Yeni bir fenomen olarak görülse de geçmişine bakacak olursak rönesans dönemine kadar uzanan bir tarihe sahip olduğunu görüyoruz. 20. Yüzyılda Medicilerin kızının Fransa kralına gelin gitmesi yanında aşçısını da götürmesiyle macaronu Fransa’ya everiyoruz. Her leziz şeyin altından olduğu gibi bunun da altından İtalyanlar çıkıyor ama arasındaki muhteşem ganache sosunu da Fransızlar geliştirerek üne kavuşuturuyor. Günümüzde artık her pastanenin vitrinini rengarenk çeşitleri süslemekte ama Ladurée’nin farkı Paris’ten geliyor olması. Yolda bayatlar diye endişe etmeyin fırından taze taze çıkıp yenen birşey değil zaten. İdeali iki gün bekletildikten sonra satışa sunulmasıymış, üzerine biraz Paris esansı da katıldı mı tadından yenmez zaten.

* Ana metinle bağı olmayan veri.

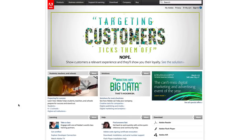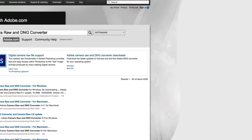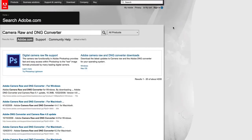To update the Lightroom Camera Raw converter, go to adobe.com. In the search box, type in Camera Raw and DNG Converter. When the results come back, click on the link at the top right to get to the page of all the latest raw updates.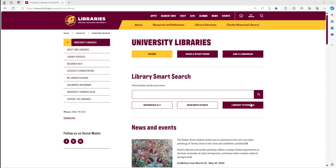Hello everyone. In this short video I will be showing you how to use Michigan eLibrary slash MELCAT to search for works at nearby libraries in Michigan, and how to access MELCAT from within the Central Michigan University Library website.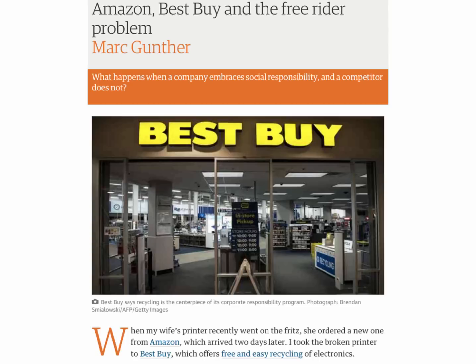Here's a contemporary example. A journalist's wife's printer stopped working, so she ordered another printer from Amazon which arrived. The journalist took the broken printer to Best Buy, which offers free and easy recycling of discarded unwanted electronic products. The essence of the article was that Amazon and Walmart and others are essentially taking a free ride on Best Buy providing the service — free recycling — while trying to cover their costs, whereas Amazon and Walmart are basically getting the benefit of sales without necessarily incurring the cost of taking in computers to repair, recycle, or dispose of safely. A good example of the free rider in a business context.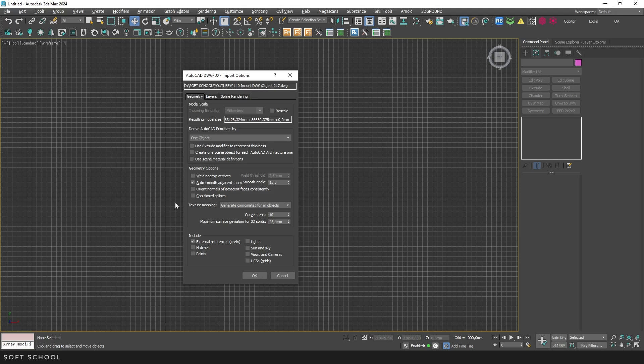The next block is geometry options. Auto-weld. Be careful with this when importing architectural drawings, especially if you don't separate objects into categories. Weld may merge elements that shouldn't be combined. However, this option can be very useful when importing logos or infographics. In such cases, merging adjacent points helps create a solid spline. In general, the choice depends on your specific task. Adjust it to what's most convenient for you.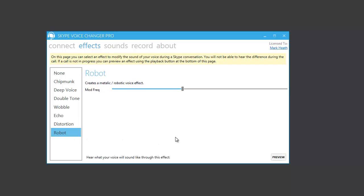And perhaps one of the most extreme effects is robot, which will create a very metallic or robotic sounding voice effect. Testing, testing, one, two, three.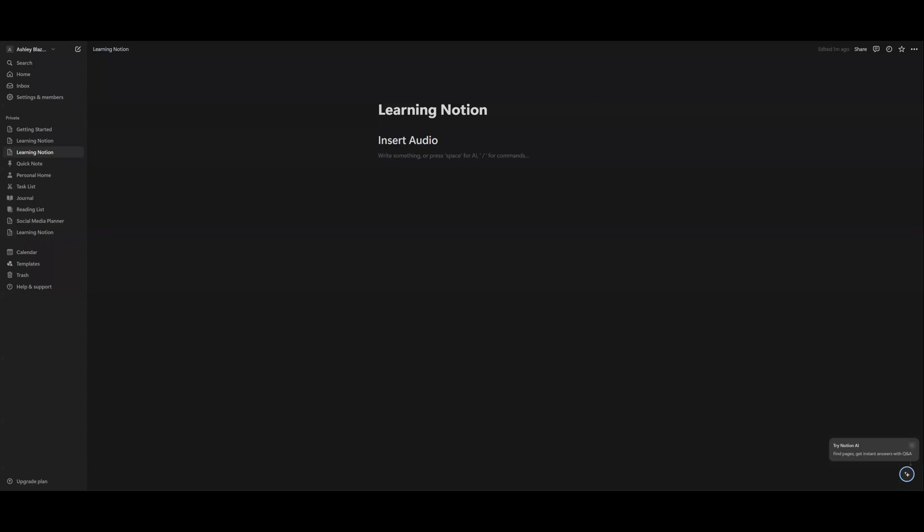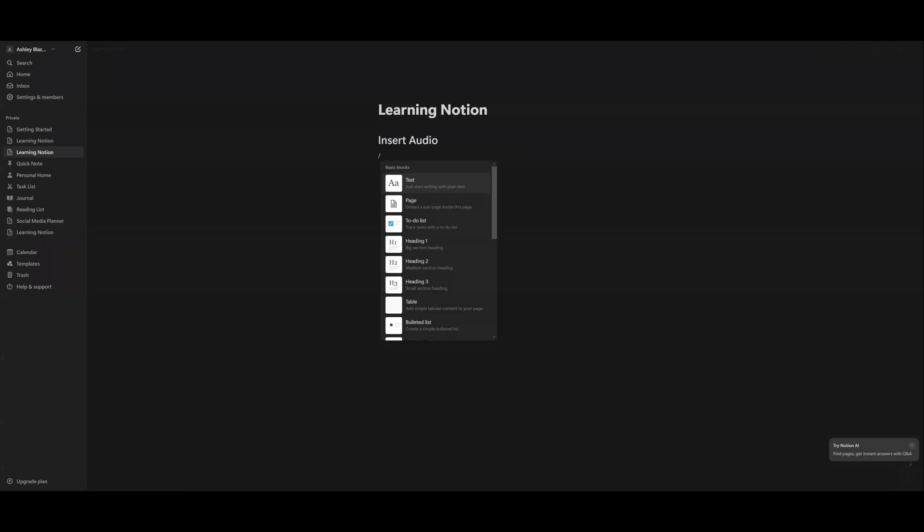You should see the prompt where it says write something or press space for AI forward slash for commands. I always do the forward slash commands. I want to know how to use the program. So I personally don't use AI, but you can feel free to learn it on your own. That's just not what the purpose of my channel is. So we're going to hit on our keyboard the forward slash command.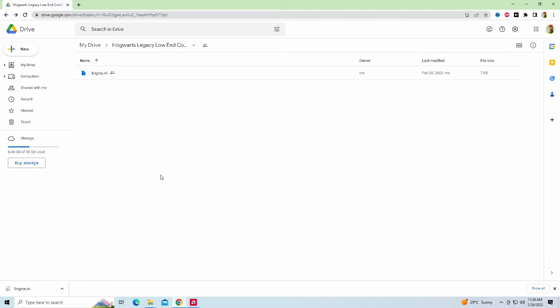Hey guys, welcome back to JavonRule16. I am your host Javon, and today we're going to go back for a brand new video showing you guys how to run Hogwarts Legacy on a low-end PC with this low-end config I have created today.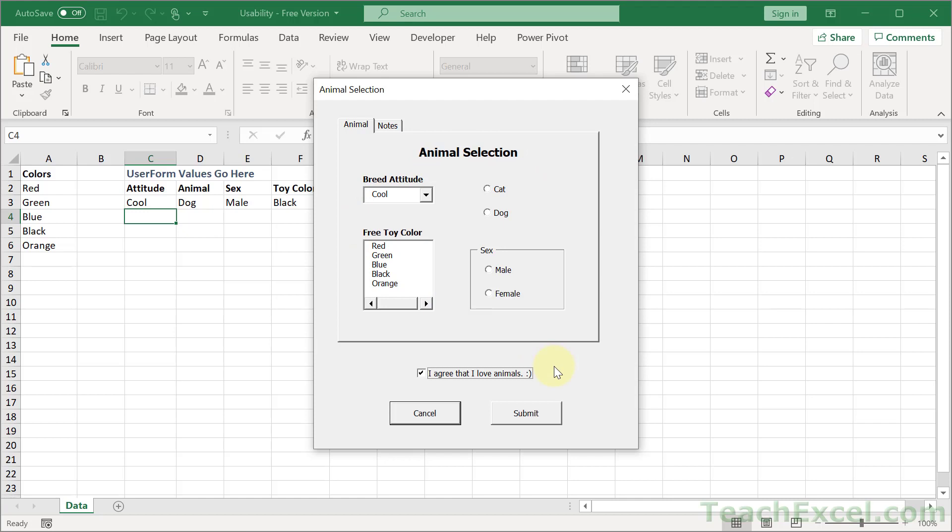But in addition to controlling this guy right here, enabling and disabling him, and making it so that you can and can't copy and paste what's in it, I'm also going to show you what's one of my favorite things for a form, which is how to close it using the escape key.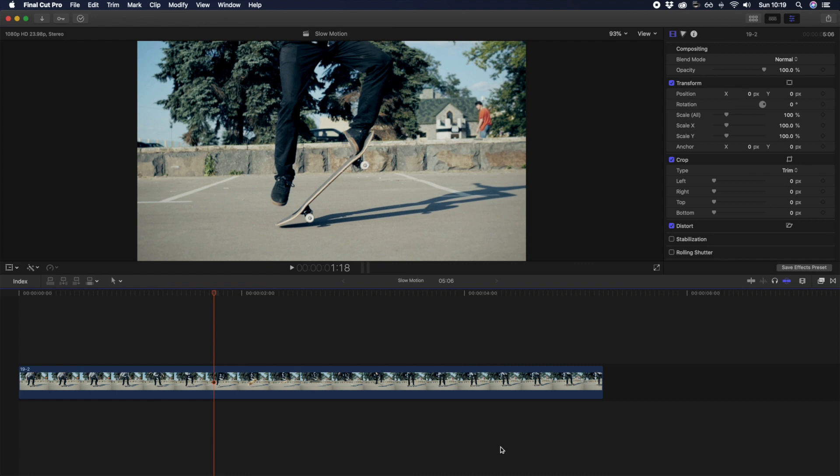Slow motion is used for so many different reasons in videos, ranging from drawing attention to a specific action, increased dramatic context, or even to create a more cinematic looking clip.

Uzun bir süre bu lezzetin hasretiyle yanıp tutuştuğumdan kendi çapımda elde etmeye çalışmalarım oldu ve elde edememede uzmanlaştım. Internet’ten bulduğum öz hakiki macaron tarifleriyle denedim ama bisküvi arasına nutella sürmekten öteye geçemedim malesef. Aradaki o kremada nasıl bir formül varsa artık hiçbir aşçı tutturamıyor. Söylentiye göre de sos mutfakta çıkan bir yanlışlıktan doğmaymış. Ürünün yaratıcısı Desfontaines’in yardımcısı yanlışlıkla sıcak kremayı çikolatanın üzerine dökünce ustasından “sersem” (ganache) diye fırça yiyor. Ama daha sonra bu sersemlik o sihirli sosu meydana getiriyor. Tabi bütün bu detayları yerken düşünmüyorsunuz. O anın ritüeli kelimelere sığmaz. Hele yanında kahveyle boğaza karşı yiyorsanız bambaşkadır keyfi.

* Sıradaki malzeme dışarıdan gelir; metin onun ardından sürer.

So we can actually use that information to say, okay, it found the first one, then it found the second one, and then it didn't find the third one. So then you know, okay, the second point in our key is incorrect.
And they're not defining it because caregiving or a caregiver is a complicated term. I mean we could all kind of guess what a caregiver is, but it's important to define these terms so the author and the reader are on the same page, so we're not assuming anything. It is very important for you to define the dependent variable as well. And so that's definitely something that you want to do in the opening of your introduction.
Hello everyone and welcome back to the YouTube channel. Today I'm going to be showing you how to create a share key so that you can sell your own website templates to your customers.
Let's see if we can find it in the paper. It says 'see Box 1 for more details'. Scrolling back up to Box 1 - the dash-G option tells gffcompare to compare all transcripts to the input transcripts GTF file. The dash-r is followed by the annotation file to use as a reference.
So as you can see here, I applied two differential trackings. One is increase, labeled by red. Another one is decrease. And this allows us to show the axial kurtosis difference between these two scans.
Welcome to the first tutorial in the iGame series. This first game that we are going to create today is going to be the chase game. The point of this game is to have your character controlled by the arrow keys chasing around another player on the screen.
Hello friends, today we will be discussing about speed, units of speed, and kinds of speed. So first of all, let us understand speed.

Tavsiyem, birini mutlu etmek istiyorsanız her çeşidinden bir kutu yaptırıp götürün. Daha güzel bir hediye olamaz. Tek bir tanesine verilen bedelle bir öğün yemek yemek de mümkün tabi ama en pintisinin bile “değdi ama” dediğine şahidim. Evde denemeye kalkmayın, olmuyor. Banyan ve Divan pastanelerinde de benzer lezzete erişebilirsiniz. Yeni başlayanlar vanilyalıyla başlamalı akabinde devamı gelecektir. Kıyamamayı da fazla abartmayın kuruyunca tüm cazibesini yitiriyor. On dakika seyir, beş dakika yeme ve yenisine geçene kadar süren limitsiz mutluluk macaron yeme süreci olarak tanımlanabilir.

İtiraf etmeliyim ki nisan sayısı için ne yazsam diye kafa patlatırken tüm miskinliğimle macarondan ilham bekliyordum ki ilhamın ta kendisi olduğunu fark ettim. Bir tadı kelimelere dökmek oldukça zor. Üzerine şiir yazamam belki ama yerken şiir dinler gibi oluyorum diyebilirim. Bu kadar övgüden sonra Ladurée’nin beni macarona boğacağını hayal ederek sizlere afiyet olsun diliyorum.